According to him, it is anchored on the essential virtue of human liberty which encompasses political, economic and social rights.
He said that those rights were the premise upon which democracy’s promise of peace, equality and justice as well its capacity to improve the welfare and social condition of the citizens, were framed.
Jonathan said that democracy becomes meaningful when citizens are happy and saved from political and social threats like hunger, poverty, discrimination and persecution.
“There is no gainsaying the fact that attainment of basic human needs and fulfilment of democratic promises of peace and security and the flourishing of human rights are the basic background upon which democracy grows.
“One major ingredient to building an inclusive society is to ensure that we strengthen our institutions and be deliberate about the enforcement of economic rights in a way and manner that guarantees peace and social security of citizens.
“The empowerment of citizens in this regard will raise an army of conscious, patriotic and active citizens who can overcome the temptation of vote trading and other corrupt practises in our electoral system.
“We must therefore adopt measures that will completely eliminate the ugly incidence of merchandisation of the electoral process,” he said.
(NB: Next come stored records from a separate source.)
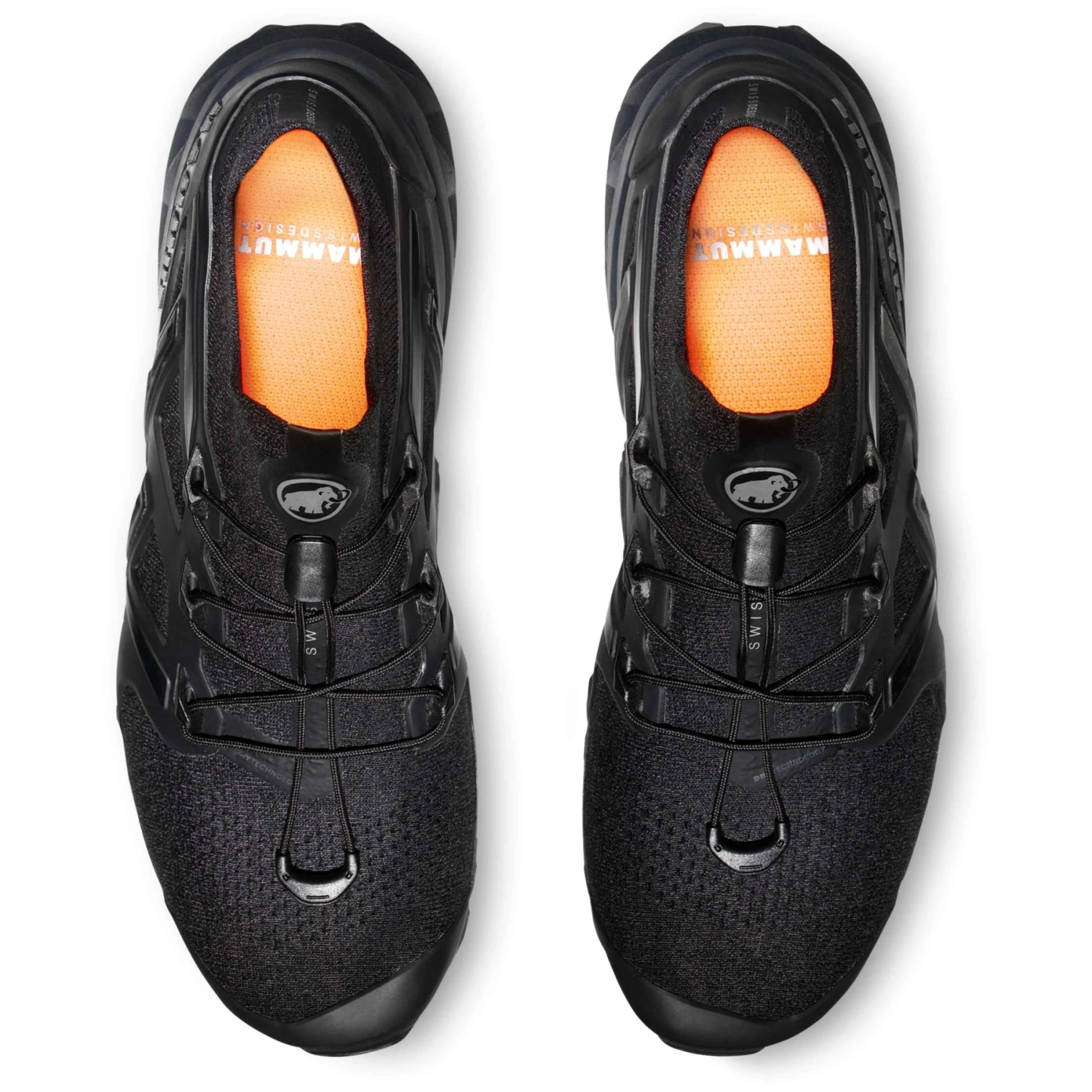 Mammut Zapatillas Mujer - Aegility Pro Mid DT - Negro 6 Mammut Zapatillas Mujer - Aegility Pro Mid DT - Negro - Imagen 4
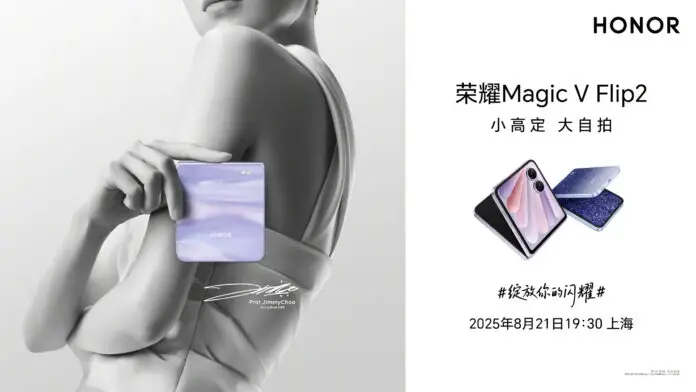 Honor Magic V Flip2
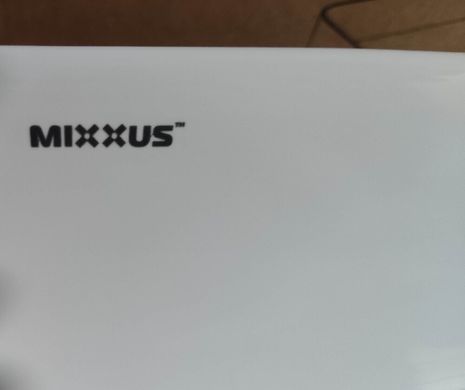 фото Раковина накладна Mixxus Premium QUADRO-0106 600х355х130mm (MP6523)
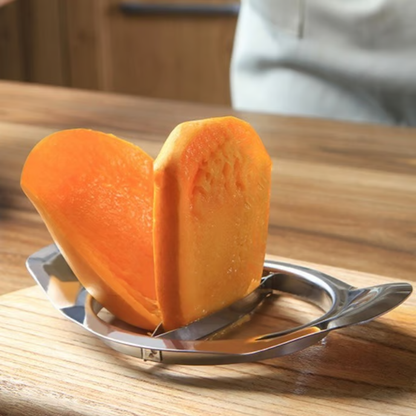 Sturdy Stainless Steel Mango Slicer
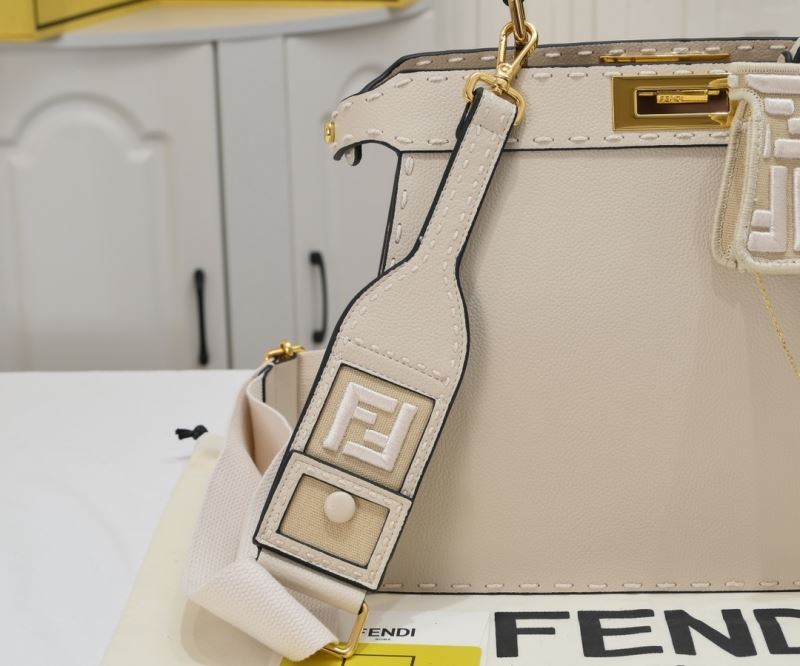F**di peekaboo bags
To achieve that in a sustainable manner, Jonathan said that a strong social contract needed to be established between the government and the governed.
This is as a means of guaranteeing the basic social economic rights of decent existence such as healthcare, education, housing and transportation.
He also said there was need to build institutions that were accountable to the people; as well enable the people to add measurable value to society.
Jonathan said that the people should be able to draw strength and growth from the value they help create.
The former president said that the 21st century provided unprecedented opportunities and threats for inclusive development.
He said that the key to being able to maximize the opportunities and mitigating the threats was an empowered citizenry.
The ex-president said that to empower the citizens sustainably was to arm them with necessary skills to be relevant in today’s world.
Jonathan said there was also need to manage the society for the future generation, starting from home.
He said that any governance structure or leadership model that does not incorporate the management of society to protect the interest of the future generation would lead the society to a dead end.
On politics and nation-building, Jonathan said there was need for Africans to change their political behaviour and culture.
He said that the kind of politics being played in most African countries was such that would not help the quest for growth and development.
The ex-president advised Nigerian politicians and leaders in general to act in a manner that would inspire hope and patriotism in the country.
Jonathan also advised them to encourage younger generations to believe in the Nigeria project and put the country first in all that they do.
“We must conduct ourselves in a way that will encourage youth and children to have confidence in their leaders and be convinced that Nigeria belongs to them.
“ That way, they will consolidate their stake in their country, believing that their country will protect them just like a father in the family unit will protect the interest of his children.
“There should be a deliberate mentoring plan and schemes that would ensure transition of power and values from one generation to the next.”
He said that a society that could not provide basic needs for its citizens could hardly inspire in them the kind of patriotism and zeal that would motivate the people to invest every ounce of their energy towards building their nation.
Jonathan commended the organisers of the event for the laudable initiative.
He described Chukwuma as a great man, a compatriot who served Nigeria, Africa and the entire humanity with relentless passion and commitment.
Jonathan said that Chukwuma dedicated over three decades of his life to causes that promote social justice, security, democracy, good governance and the general good of humanity.
“Whether as a human rights activist, social critic or boardroom executive, Innocent remained consistent to his creed.
“His was a passion for justice, transparency and peace as the defining element of a good society.
“They are the virtues he went ahead to display and exemplify in his everyday life.
“I am glad that CCEF is being launched today to drive his vision for a just and inclusive society where citizens, especially the young and women, could thrive economically and politically, without let or hindrance.”